(CN) — The signs and markings we leave throughout our daily lives are often an afterthought. But put together all that evidence tells a story — even thousands of years later.
Of course, it helps when a team of archaeologists is poring over those markings.
An archaeological find on the southern shore of Tanzania’s Lake Natron features hundreds of footprints that date back to the Late Pleistocene period.
The findings are detailed in a study published Thursday in the journal Scientific Reports.
The footprints give a snapshot of life in east Africa between 19,100 and 5,760 years ago. They show that the ancient humans who lived in the region, near the Engare Sero village, divided labor based on gender.
Size differentiation, distances between the prints, and orientation show 17 tracks made by a group walking in a southwesterly direction. The group consisted of 14 women, two men, and one young male, according to the study authors.
Earlier footprint collections were attributed to Homo erectus gatherings made up primarily of men.
The researchers were able to estimate body size, speeds of travel, and variations between the footprint sizes relative to foot size. The authors also estimate the ages of the tracks were biased towards 18 to 34-year-olds, with a high proportion of 18- to 20-year-olds.
Originally the site was discovered by members of the Maasai community who lived in the area.

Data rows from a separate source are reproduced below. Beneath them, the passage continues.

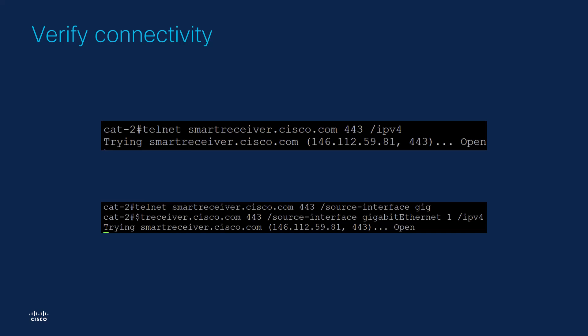This will be done using the registration token obtained from the virtual account. It is a common misconception that the registration token can be used on a single device only, and that is not true. The token represents the virtual account, and it can be used on any number of devices that are supposed to be associated with that virtual account.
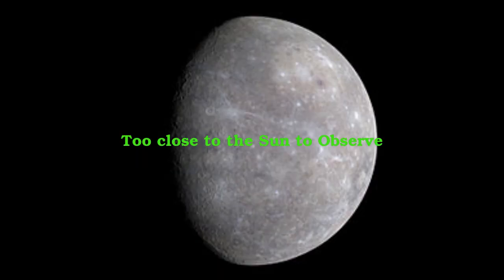Mercury rises in the late morning. It is fast approaching conjunction with the sun and is becoming too close to the sun to observe.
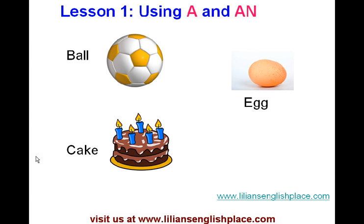Let's look at these words: ball, egg, cake. Do we say 'a ball' or 'an ball'? 'A egg' or 'an egg'? 'A cake' or 'an cake'? Let's find out.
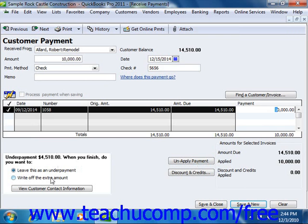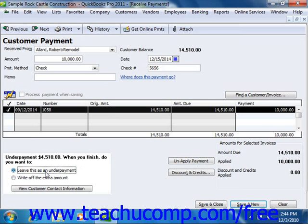By default, Leave this as an underpayment is selected, and you will be able to receive payments on that item in the future. At this point, you can click either the Save & Close or Save & New button to save the transaction.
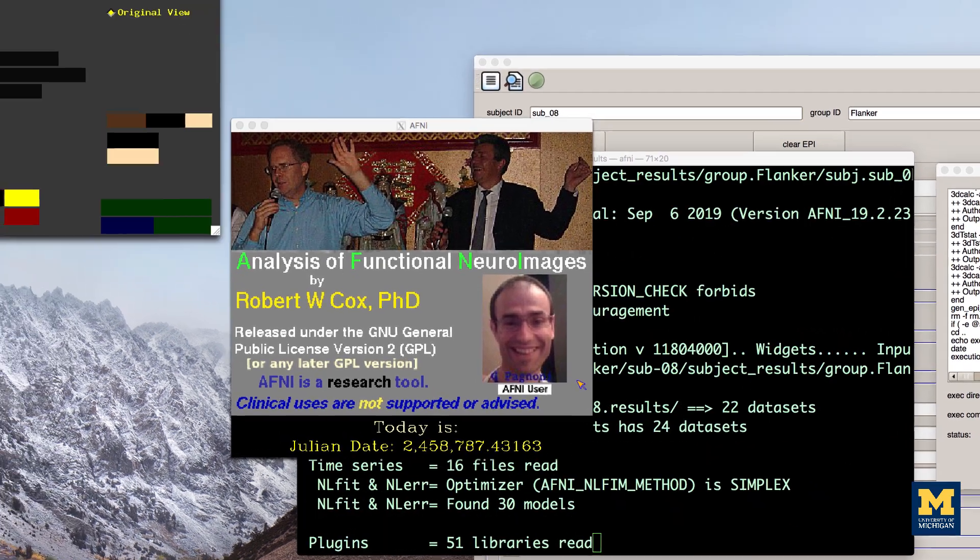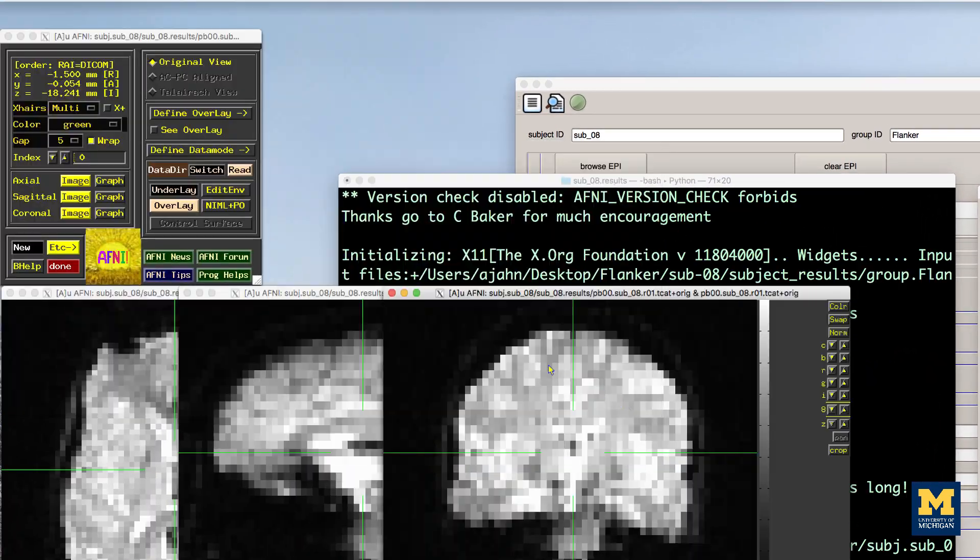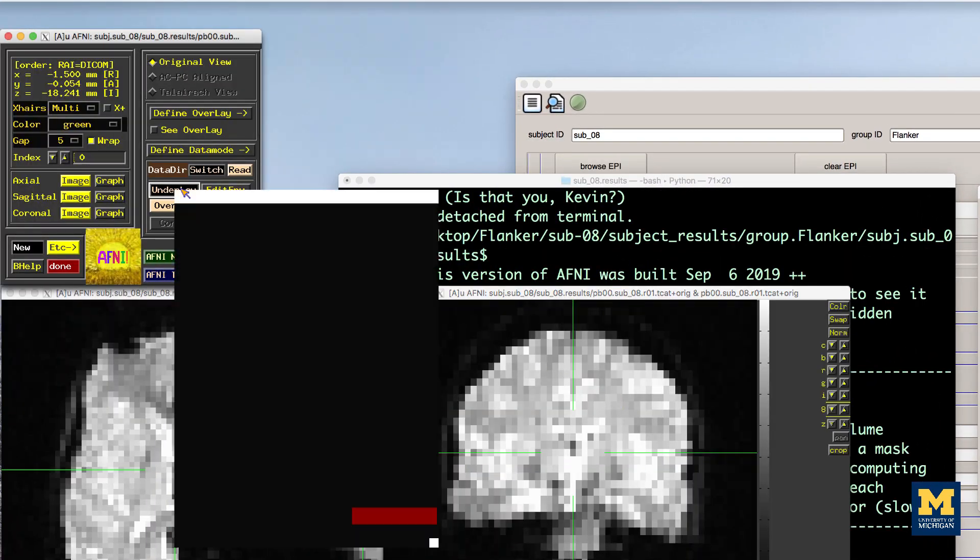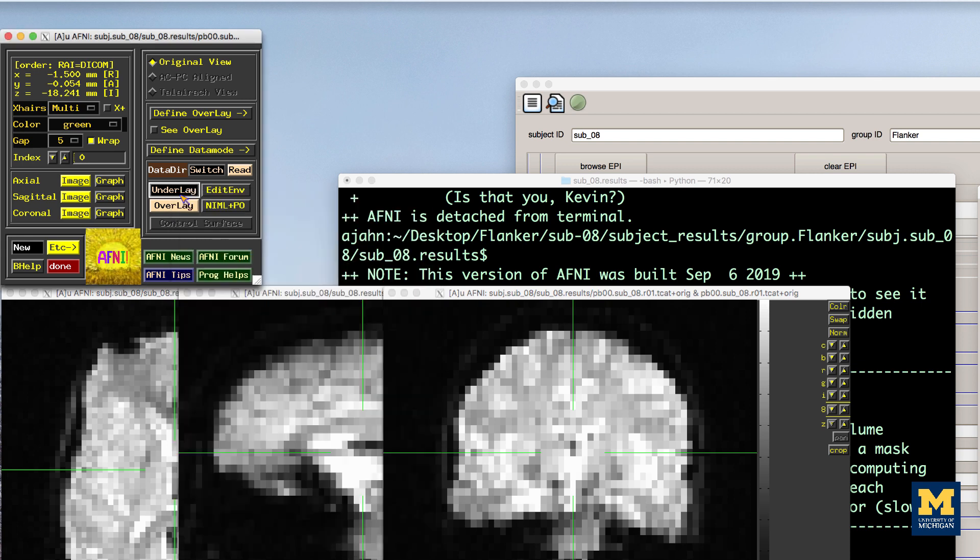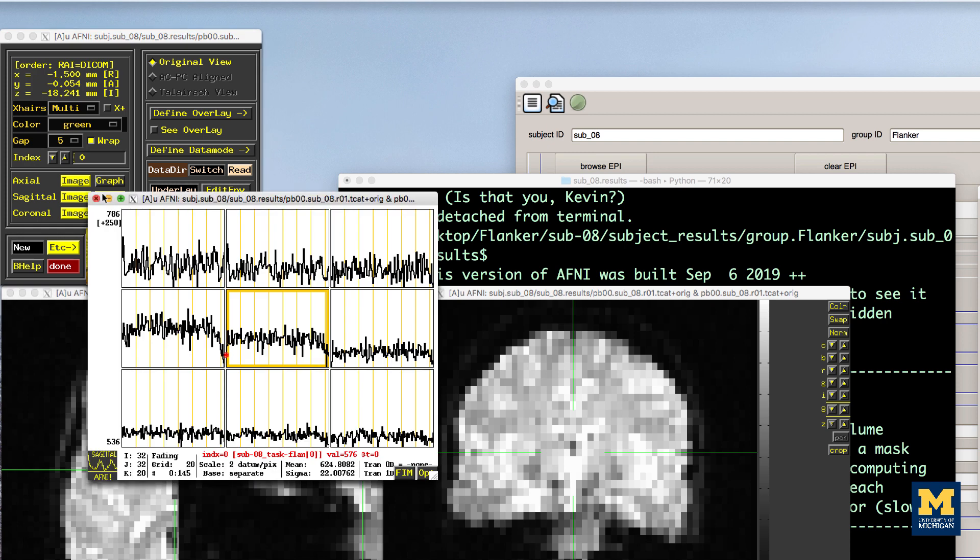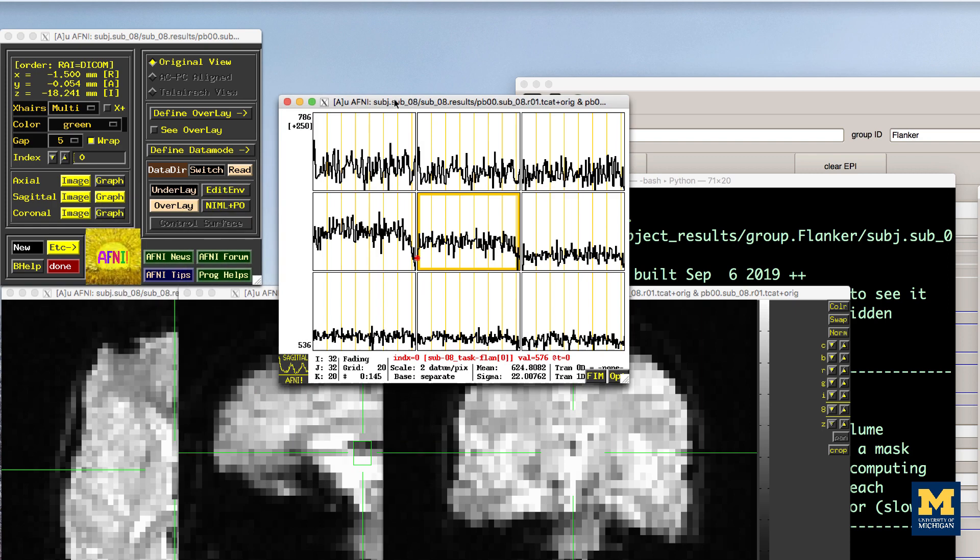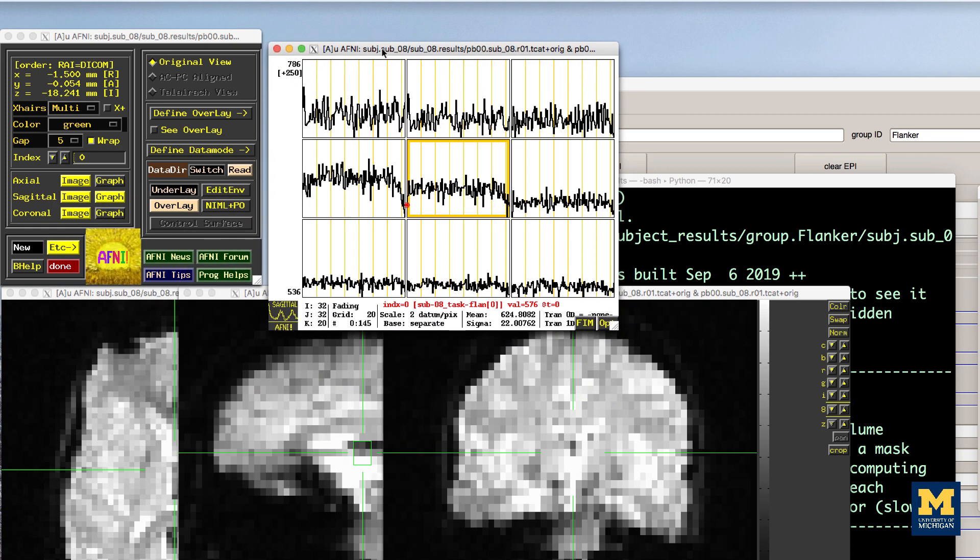Now open the AFNI GUI. Click the underlay button and left click on the file pb00_sub_await_r01.tcat. Then click on the graph button next to any of the axial, sagittal, or coronal views to view the time series. Since the initial volumes had already been discarded before the data was uploaded to OpenNeuro, all of the time points are of the same relative intensity.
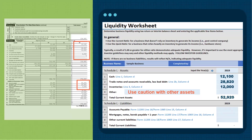On to short-term liabilities: accounts payable — add in $25,200. Mortgages due in less than one year — add in $20,400. Other liabilities — add in $3,000. Our total current liabilities are $48,600.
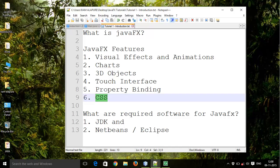You can use CSS to control hundreds of formatting properties. For example, you can easily change text properties such as font size, color, and width, and you can add background images, gradient fills, borders, and special effects such as shadows, blur, and light sources.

Other tracks were found, including those of zebra, bovid, and buffalo, but the study focused on the human footprints.
The footprints were measured by radioisotopic dating techniques, which can identify a calcite cement in an overlying sedimentary layer made during a highstand of Lake Natron when the sea level was above the edge of the continental shelf.
In an email, assistant biology professor Kevin Hatala of Chatham University said the footprints were left in wet volcanic mudflow. Layers of other sediment on top of the calcite cement helped protect the prints for thousands of years, Hatala said.
“All of the footprints appear to have been produced by barefoot humans, as individual toe impressions are easily distinguishable,” according to the study. “Because of their apparent human-like morphology and their Late Pleistocene age, we have attributed these tracks to Homo sapiens.”
An additional six tracks of footprints moving in a northeast direction fall into a broader range of speed, an indication of a busy path and a group not traveling together, the researchers said.
Hatala said the footprints “offer amazing windows” to observe behavior in the fossil record.
“These richly detailed snapshots of people moving around their landscape together are unlike anything that can be gleaned from other forms of fossil or archaeological data,” Hatala said in the email. “They provide us with a unique opportunity to develop and test behavioral hypotheses.”